En 2010 à Rock en Seine on fait un concert énorme, on retourne tout. En conférence de presse je balance “Nous sommes la révélation de cette année”. Le lendemain tous les journalistes inscrivent ça en tête de l’article alors que personne ne l’avait jamais dit. Il suffit de se montrer à poil pour être dans quelques canards.

Le fait de bien tourner en live vous permet malgré tout de garder la confiance de votre label ?

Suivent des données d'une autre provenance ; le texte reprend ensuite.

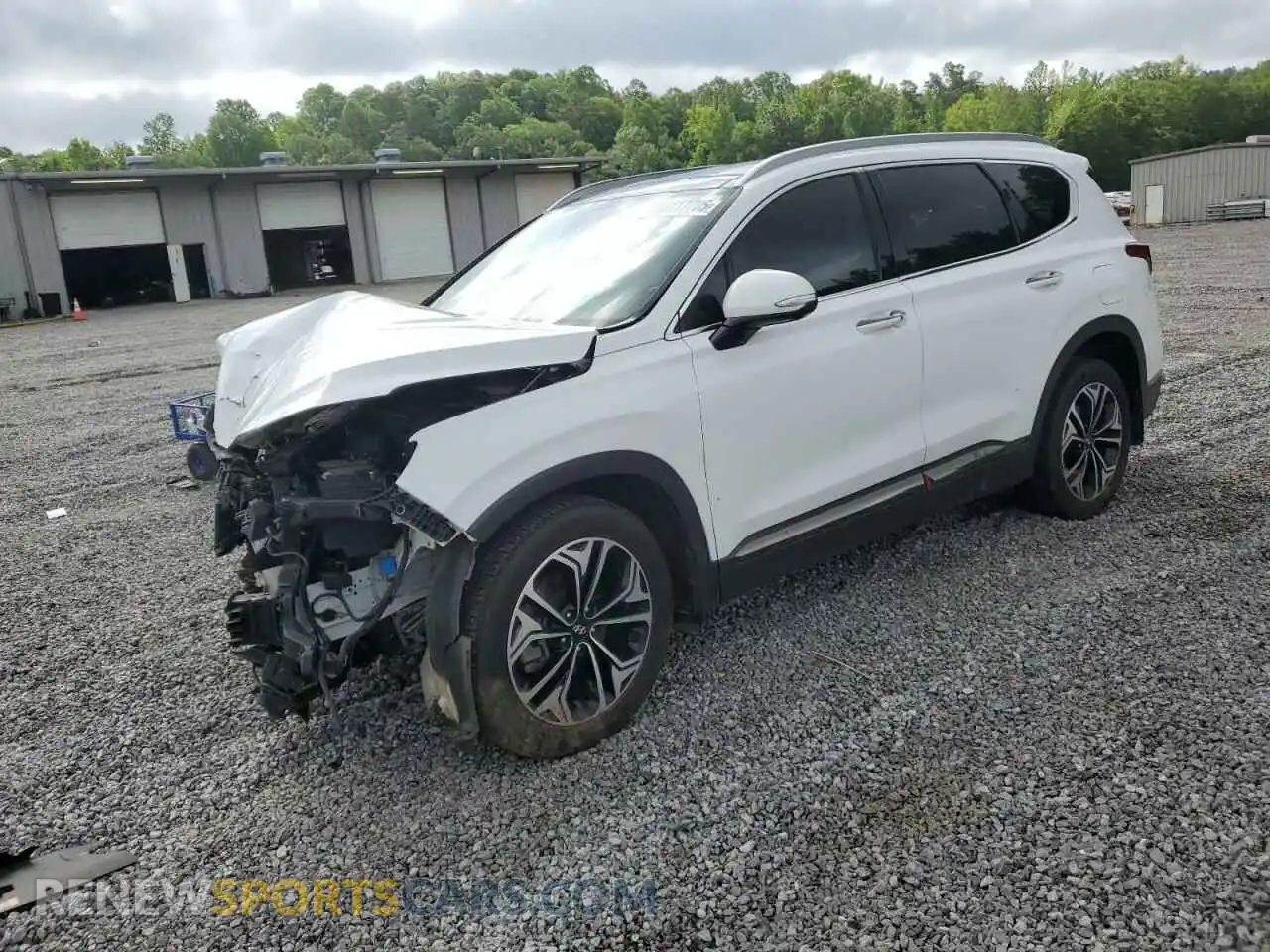 1 Фотография поврежденного автомобиля 5NMS53AA9LH284283 HYUNDAI SANTA FE 2020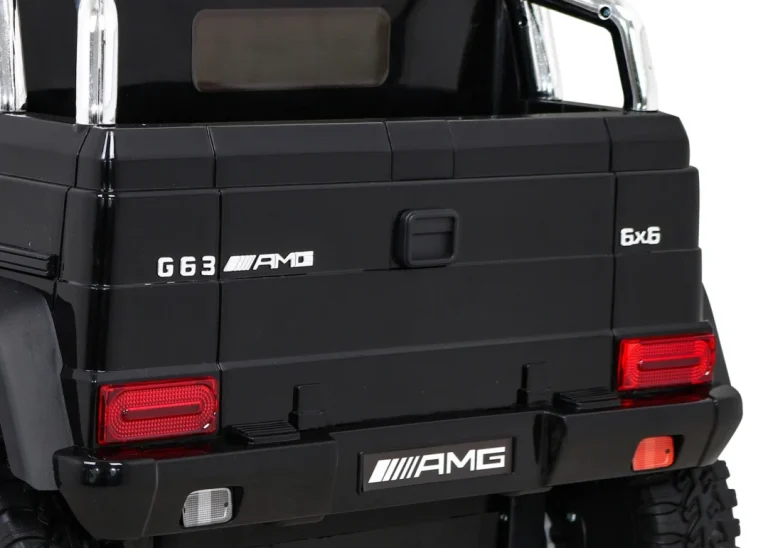 Mercedes G63 Amg Automobil Na Baterije Crni + Daljinski Upravljač + 6 Eva Kotača + Spori, Crna 12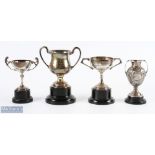 Group of 4 Silver Trophies - inc inscriptions Hindhead Golf Club Francis Muir Cup 1927, SHGC Club
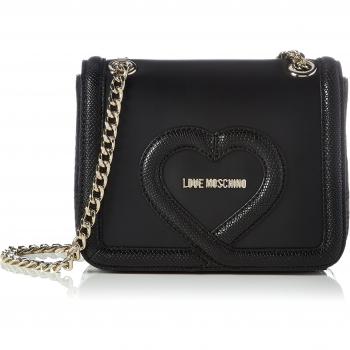 Love Moschino Borsa Baguette Croco Pu Nero
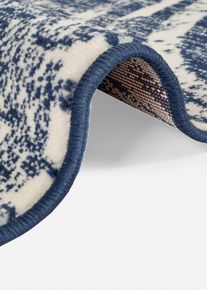 Vloerkleed met een pittoresk patroon - blauw - maat 160x230 cm - bonprix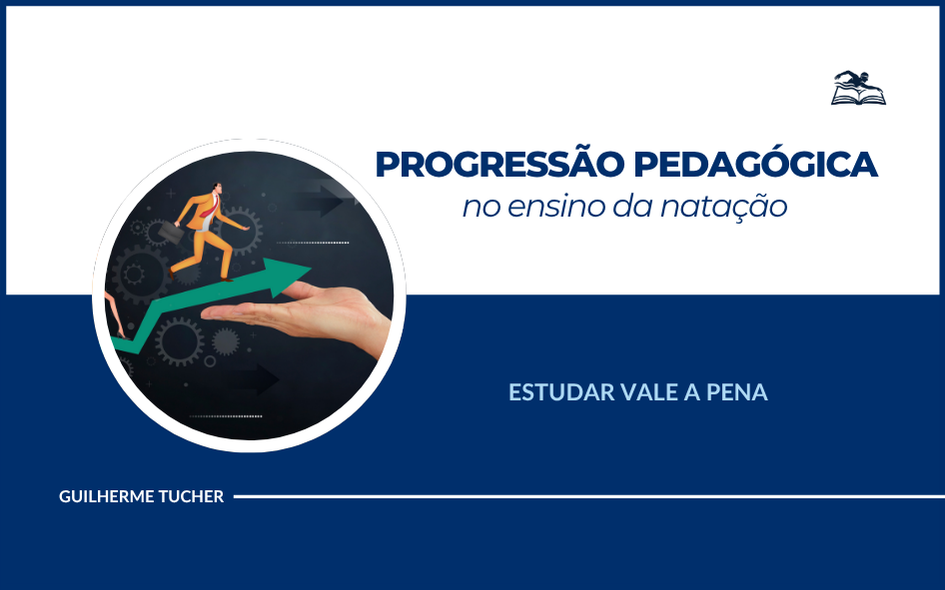 Professor orientando aluno em diferentes etapas de progressão pedagógica na natação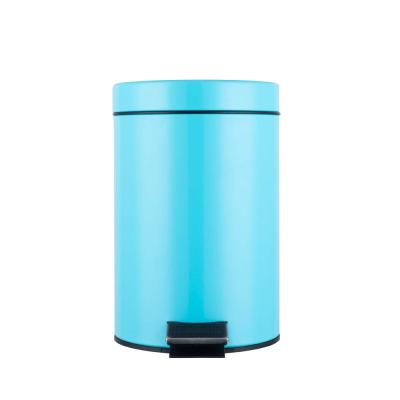 China Manufacturer Mini Size Household 5L Metal Round Garbage Bin Viable Professional Trash Bin for sale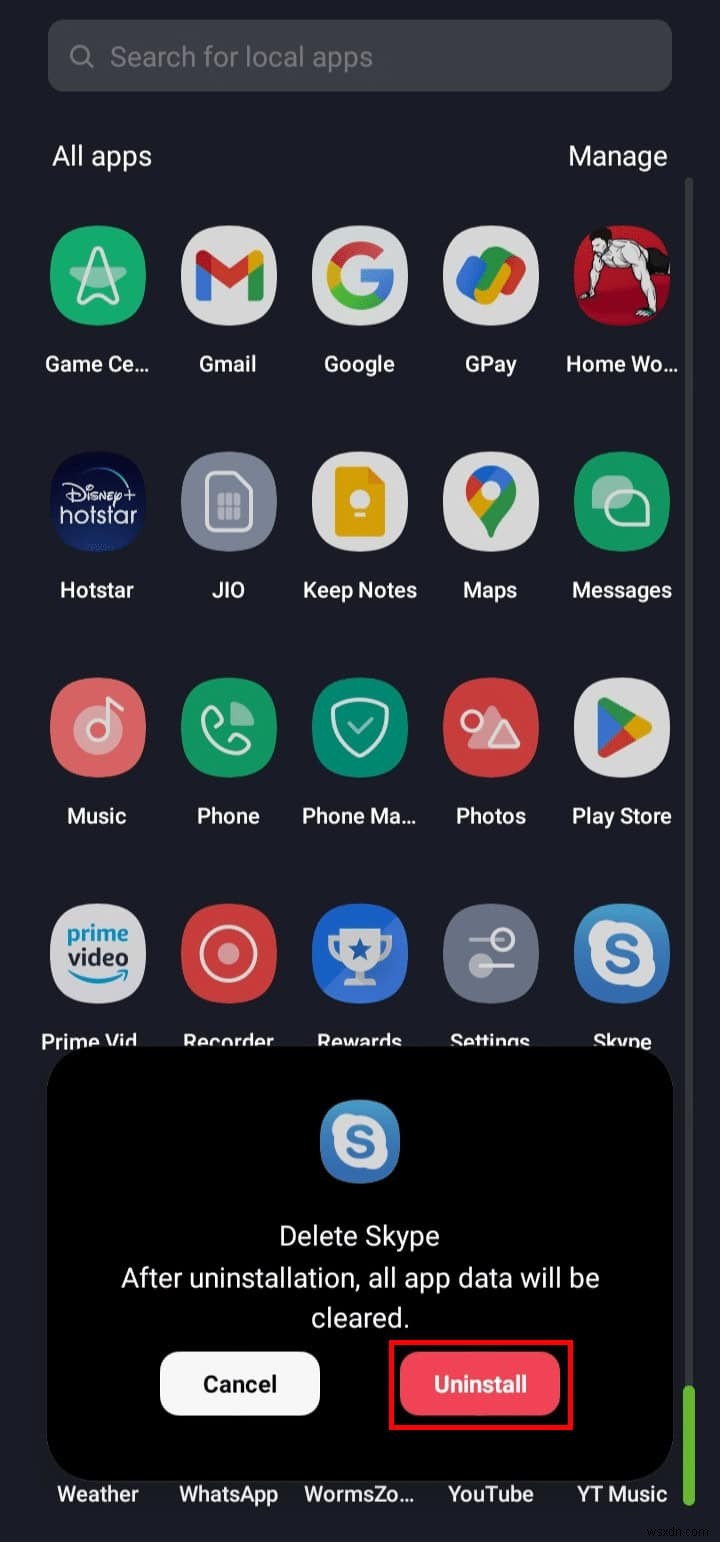 คำแนะนำทีละขั้นตอนในการถอนการติดตั้ง Skype บนอุปกรณ์ Android 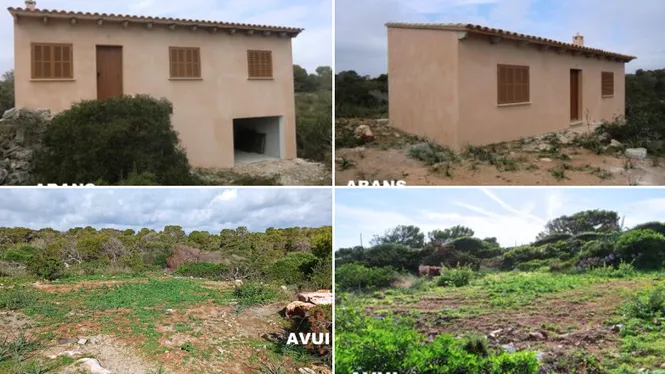 Demolides dins el Parc Natural de Mondragó dues cases il·legals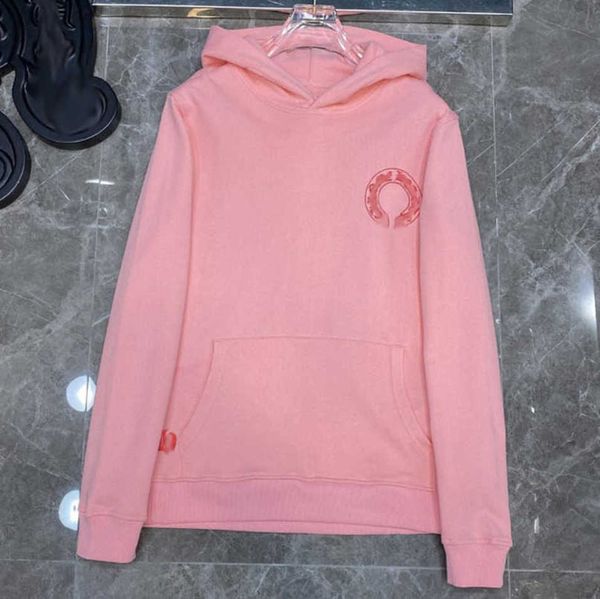 

luxury fashion men's jackets hoodies brandch sweatshirts designers zipper hooded sweater men women casual pullover sanskrit horseshoe h, Black
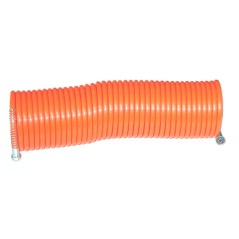 Spiral hose with fittings 10 metres long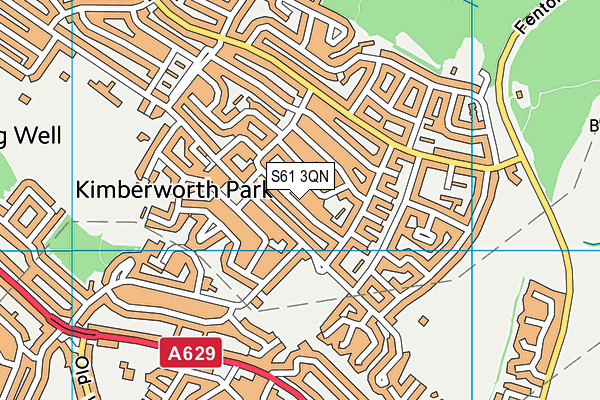 S61 3QN map - OS VectorMap District (Ordnance Survey) S61 3QN map - OS VectorMap District (Ordnance Survey)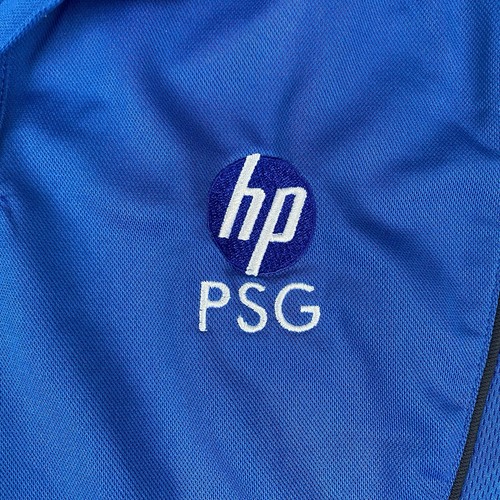 Polo Shirt logo HP Hewlett Packard XL blu Tech Data PSG - Foto 4 di 9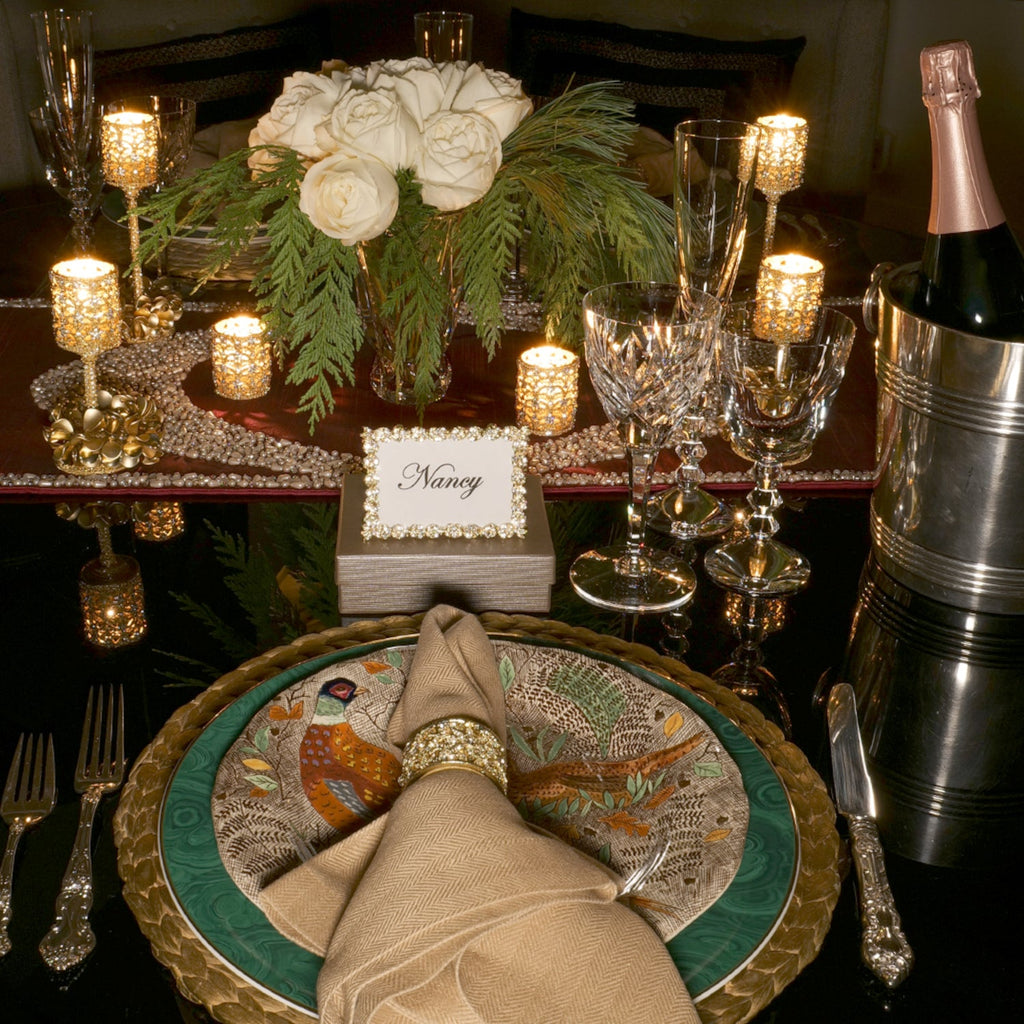 Windsor Napkin Rings -Gold (Set of 4)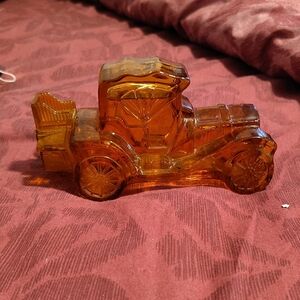 Avon Amber Glass Car Collectible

Sakifo, notre label sur le premier album est plus que mal en point. Nous en cherchons un autre pour sortir le deuxième album

Il sera comment d’ailleurs ?

Plus rock, plus noir. Dans les textes, mais aussi dans la musique Quand tu prends l’intro de “Crazy”, on l’a modifiée plusieurs fois. Entre la première impression et ce qu’il reste, il doit y avoir une différence. On fait des choses ultra référencées. Tu regardes le clip, le dernier plan c’est “Persona” de Bergman.

Vous êtes des intellos du rock ?

Complètement, mais ça ne parait pas ! Le détail, la nuance, ça fait tout.

Vous avez un nom et une date pour ce disque ?

Pour l’instant on ne sait pas. Peut être qu’il sortira en Chine avant la France.

Ça marchera peut être différemment, ils n’ont pas l’habitude de groupes comme vous.

Ils n’ont jamais vu ça. Quand tu regardes les concerts qu’on a fait en Inde c’était dingue. On va essayer d’y retourner pour faire une petite dizaine de dates.

Mais tu vas faire partie d’un sacrifice humain !

Ça serait vachement beau de mourir sur scène. Si je ne suis pas une légende ça ne m’intéresse pas. D’ailleurs à Bombay, quand je suis descendu de l’avion, il y avait ma tête sur un taxi. Je n’en revenais pas. En fait c’était mon sosie, un acteur ultra-connu là-bas.

Ou alors tu es acteur à Bollywood ?

On m’a proposé d’ailleurs, ça peut être marrant de faire ça. Mais pour en revenir à la musique, quand on a signé chez BMG on nous a dit tout de suite “Vous ça ne marchera pas en France, mais à l’étranger oui”.

Ce n’est pas un peu décourageant ?

Non pas du tout. Tu as des groupes comme Shaka Ponk qui ont mis plus de 10 ans avant que ça marche. Skip The Use pareil. C’était un groupe bien punk avant que ça fonctionne, ils ne faisaient pas du tout ce qu’ils font en ce moment.

Et tes collègues, ça ne les emmerde pas de ne pas monter sur les plus hautes marches ?

Évidemment que ça fait chier. Mais on essaye de transmettre, d’exprimer quelque chose. Ce qu’il faut être entouré des bonnes personnes au bon moment. Quand on a fait Rock en Seine, on était meilleurs vente de mp3 la semaine suivante. Si on avait sorti l’album à ce moment là ça aurait peut être fonctionné. Mais le passé ne m’intéresse pas, ce qui m’intéresse c’est le moment présent

Espérons que votre deuxième album soit plus écouté et plus diffusé surtout. Bon courage à vous.